Eagle Rare 25 bourbon, $10,000
The back story
Yes, you read that right: This is a bottle of bourbon that costs…Ten. Thousand. Dollars.
But it’s probably a bargain if you can find it at that price.
That’s because it’s an extremely rare bourbon, with just 200 bottles being released. And it comes from Buffalo Trace, the prominent Kentucky distillery that’s also behind the much-in-demand Pappy Van Winkle brand.
It’s also a bourbon with quite a back story. Aging Kentucky-made bourbon beyond a certain number of years is considered fairly controversial because the spirit can easily acquire a less-than-pleasant taste from sitting in the barrel too long. Some say 15 years is pushing it. Others question going beyond a decade. Or as Jane Bowie, a former director of innovation for the Maker’s Mark brand, once observed: “After about eight years, bourbon gets too woody.” (Others describe older bourbons as astringent and dry.)
So, how is Buffalo Trace able to go to 25? It all has to do with a $20 million-plus program the distillery has developed — namely, a new state-of-the-art warehouse dubbed Warehouse P.
According to Buffalo Trace, it was “constructed to test if it was possible to extend favorably both the aging and maturation processes typical for American whiskey and bourbon.” The distillery doesn’t get into too many details about what’s going on inside Warehouse P, but obviously factors like temperature and humidity are critical to aging. (The reason Scotch can be aged longer than Kentucky bourbon is because of Scotland’s considerably cooler climate.)
Regarding the pricing of this Eagle Rare, the folks at Buffalo Trace can’t officially set what retailers charge, so $10,000 is just a suggested figure. Certainly, bottles of Pappy — and other highly prized whiskies — are known to sell for much more than the suggested price. And these whiskies often become far more valuable over time, thanks to a growing collector market.
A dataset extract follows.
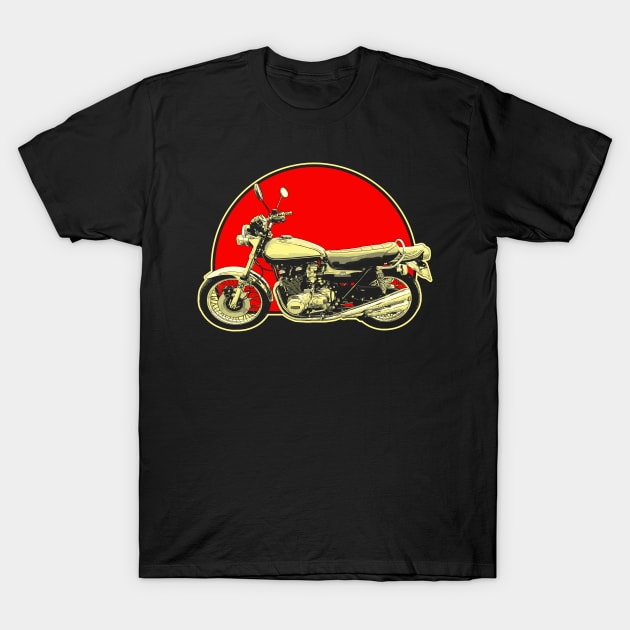 1972 Kawasaki Z1 Retro Red Circle Motorcycle T-Shirt by Skye Bahringer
For example, a bottle of Pappy released in 2008 sold for $52,000 at auction last year.
What we think about it
Yes, I was lucky enough to try a very small sip of this rarest of Eagle Rares at a recent press event in New York City. It’s indeed a delicious and delicate whiskey, with notes of butterscotch and pepper. (The Buffalo Trace team says you should also pick up vanilla and dark fruit.) And while I’ve had older bourbons that have had that tell-tale woodiness, that’s not the case here.
But is it worth $10,000 (or even more)? Obviously, if you can afford this whiskey, it’s probably not a question of price. But for the rest of us, you’re fine sticking with the entry-level Eagle Rare — a tasty 10-year-old bourbon that can easily be found for under $75.
How to enjoy it
No, you’re not going to make an Old Fashioned or a Mint Julep with a $10,000 bourbon. But we did find adding a drop or two of water to it can enhance the flavor.